• [MATERIAL TO PROCESS]
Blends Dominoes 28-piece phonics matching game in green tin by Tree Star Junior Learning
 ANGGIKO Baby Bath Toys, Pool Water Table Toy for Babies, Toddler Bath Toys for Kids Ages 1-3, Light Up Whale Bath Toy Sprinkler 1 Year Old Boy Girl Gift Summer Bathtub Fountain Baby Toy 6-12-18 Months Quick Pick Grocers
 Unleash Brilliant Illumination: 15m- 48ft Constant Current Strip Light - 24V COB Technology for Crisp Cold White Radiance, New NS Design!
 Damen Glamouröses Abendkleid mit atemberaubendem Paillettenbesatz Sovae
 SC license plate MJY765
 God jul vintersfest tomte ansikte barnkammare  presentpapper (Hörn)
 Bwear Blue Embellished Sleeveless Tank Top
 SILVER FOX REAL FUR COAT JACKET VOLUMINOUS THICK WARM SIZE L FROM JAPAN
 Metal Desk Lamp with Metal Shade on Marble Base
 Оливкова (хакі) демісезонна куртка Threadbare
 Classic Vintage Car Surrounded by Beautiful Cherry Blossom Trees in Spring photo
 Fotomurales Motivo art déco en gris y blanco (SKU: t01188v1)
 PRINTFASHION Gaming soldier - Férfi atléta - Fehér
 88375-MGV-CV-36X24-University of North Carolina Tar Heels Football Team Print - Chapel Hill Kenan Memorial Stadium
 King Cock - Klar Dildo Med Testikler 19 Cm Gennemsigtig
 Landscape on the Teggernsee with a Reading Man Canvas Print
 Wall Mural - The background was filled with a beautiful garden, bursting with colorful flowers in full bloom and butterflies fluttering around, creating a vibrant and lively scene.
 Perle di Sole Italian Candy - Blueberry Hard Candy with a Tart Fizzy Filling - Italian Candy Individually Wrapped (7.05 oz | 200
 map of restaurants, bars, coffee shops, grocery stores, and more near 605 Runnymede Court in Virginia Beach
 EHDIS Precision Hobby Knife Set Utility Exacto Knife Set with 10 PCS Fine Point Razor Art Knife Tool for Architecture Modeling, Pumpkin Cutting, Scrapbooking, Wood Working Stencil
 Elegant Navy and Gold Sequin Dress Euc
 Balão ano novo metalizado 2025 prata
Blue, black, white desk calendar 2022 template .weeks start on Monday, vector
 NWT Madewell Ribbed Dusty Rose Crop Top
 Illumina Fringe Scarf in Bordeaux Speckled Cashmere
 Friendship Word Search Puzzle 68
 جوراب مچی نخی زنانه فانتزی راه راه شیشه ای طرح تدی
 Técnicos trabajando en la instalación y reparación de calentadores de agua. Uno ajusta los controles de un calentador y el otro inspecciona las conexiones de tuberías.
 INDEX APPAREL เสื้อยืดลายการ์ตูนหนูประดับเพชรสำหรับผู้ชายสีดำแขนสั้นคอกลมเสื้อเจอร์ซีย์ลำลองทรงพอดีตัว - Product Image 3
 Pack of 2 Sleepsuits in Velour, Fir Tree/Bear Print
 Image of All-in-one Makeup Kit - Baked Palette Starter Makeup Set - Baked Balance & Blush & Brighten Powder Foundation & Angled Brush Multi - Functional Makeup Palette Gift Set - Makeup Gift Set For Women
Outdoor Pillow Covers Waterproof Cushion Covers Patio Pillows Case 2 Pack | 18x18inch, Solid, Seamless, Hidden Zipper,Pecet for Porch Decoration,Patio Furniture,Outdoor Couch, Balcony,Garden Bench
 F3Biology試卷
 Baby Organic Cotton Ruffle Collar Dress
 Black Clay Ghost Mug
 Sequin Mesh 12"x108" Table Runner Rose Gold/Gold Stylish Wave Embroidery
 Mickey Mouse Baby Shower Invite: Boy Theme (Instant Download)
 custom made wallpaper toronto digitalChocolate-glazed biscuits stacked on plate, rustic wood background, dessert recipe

• [WHAT YOU WILL DO] Start at the first line of the entries above. Set down each line exactly through the one with "SC license plate MJY765", and stop there.

• [EXERCISE OUTPUT]
Blends Dominoes 28-piece phonics matching game in green tin by Tree Star Junior Learning
 ANGGIKO Baby Bath Toys, Pool Water Table Toy for Babies, Toddler Bath Toys for Kids Ages 1-3, Light Up Whale Bath Toy Sprinkler 1 Year Old Boy Girl Gift Summer Bathtub Fountain Baby Toy 6-12-18 Months Quick Pick Grocers
 Unleash Brilliant Illumination: 15m- 48ft Constant Current Strip Light - 24V COB Technology for Crisp Cold White Radiance, New NS Design!
 Damen Glamouröses Abendkleid mit atemberaubendem Paillettenbesatz Sovae
 SC license plate MJY765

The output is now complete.